What made you decide that the time was right to create your own facility?
I never intended to do a brick-and-mortar winery facility; I wanted to integrate within another winery.
But as the wine industry became more profitable before 2008, this space started drying up, and rates for custom production skyrocketed. Our production grew beyond where I imagined it would. We started off with 2,200 cases and kept bumping it up every year.
At some point, you tip over into where it becomes financially prudent to look at your own facility.
So we broke ground in 2006, opened the facility in 2008, and in 2010, we started expanding it because we hadn’t anticipated how successful our new tasting venue would be.
Meanwhile, we leased more property to control our vineyards, especially the Pinot Noir. Recently we purchased another piece of property that will give us 15 acres of Sauvignon Blanc. We’re preparing to plant three vineyards in 2015.
We went from something we visualized being virtual to now owning our own facility and, by 2015, we’ll have almost all of our own grape sourcing. We have a beautiful winery facility that has helped our success because of our tasting venue.
Are there challenges that come with that kind of growth?
The only way we can be successful is to have control. This control has come by progressively replacing purchased fruit with our own grown fruit, through vineyards we leased that are existing or planting new vineyards on leased land or purchased land, and having our own facility gives us this incredible control over the process.
Will you continue to broaden or will the Pinot Noir remain the main focus?
We were making 90 percent Pinot years ago and 10 percent Sauvignon Blanc, and now it’s almost 50/50.
This change came about because of the success of our Sauvignon Blanc program, which created its own whirlwind and vortex of success. We started making it but we weren’t looking at it being a serious part of our production. But it was so popular, even though it was expensive – there is nothing else like it in America.
So because it’s a less capital-intensive wine to make, it was a very good thing for us during the downturn when people were cutting back on purchasing high-end Pinot Noirs. We were able to supplement our production with more Sauvignon Blanc and create a healthier balance.
It also allowed us to cut back on the purchase of Pinot Noir fruit from others and focus on our own vineyards. We strengthened that position and the quality of the Pinot Noir.
It was good all around. Now we’re moving in the same way to control our Sauvignon Blanc sources because it’s an important part of our portfolio. Since a number of the old vineyards we have been using are at the point of heavy decline, I decided if we’re going to be purchasing young fruit, why not plant our own vineyards and have more control?
How are you able to keep price reasonable when you’re producing at such a high level?
We are a family company with a strong work ethic, and we’re very efficient.

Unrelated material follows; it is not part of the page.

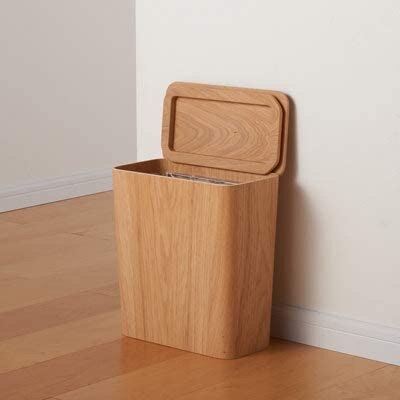 無印良品　木製　ナチュラルウッド円筒形ごみ箱 2個セット 無印良品 木製 ナチュラルウッド筒形ごみ箱 2個セット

We also don’t hire brokers to sell our wine anywhere in the country. In California, we do our direct sales out of this office so we do our own billing and shipping.
We also have a higher wholesale price than most other wineries who are dealing with middle people. So we can remain profitable because we’re not paying middle people, and we’re giving ourselves more room in the wholesale price. Also, our direct sales component keeps us healthy because we have to have that retail price.
The design of the business from the beginning is what allowed us to keep our prices reasonable.
Is the wine being produced as it always has been or have there been advances?
We have incorporated a lot of great technology into the winery, so I spent our money on the guts, the equipment, the way things are set up – I didn’t spend it on the exterior of the building.
We probably have the only radio-operated punch down system in California that we designed ourselves. Every tank can be punched down by a person standing on top of the catwalk using something that looks like a joystick. This has a strong impact on the quality of the wine because of the way we are able to be consistent with our punch downs with every tank.
We have a relatively new wireless system in the winery that monitors the temperature of every tank, and can set off alarms if something goes outside the parameters.
We have a very high-tech laboratory for a winery of our size.
We rely heavily on the sensory aspect, but I like to have the technical information available too.
Why has sustainability been so important for you?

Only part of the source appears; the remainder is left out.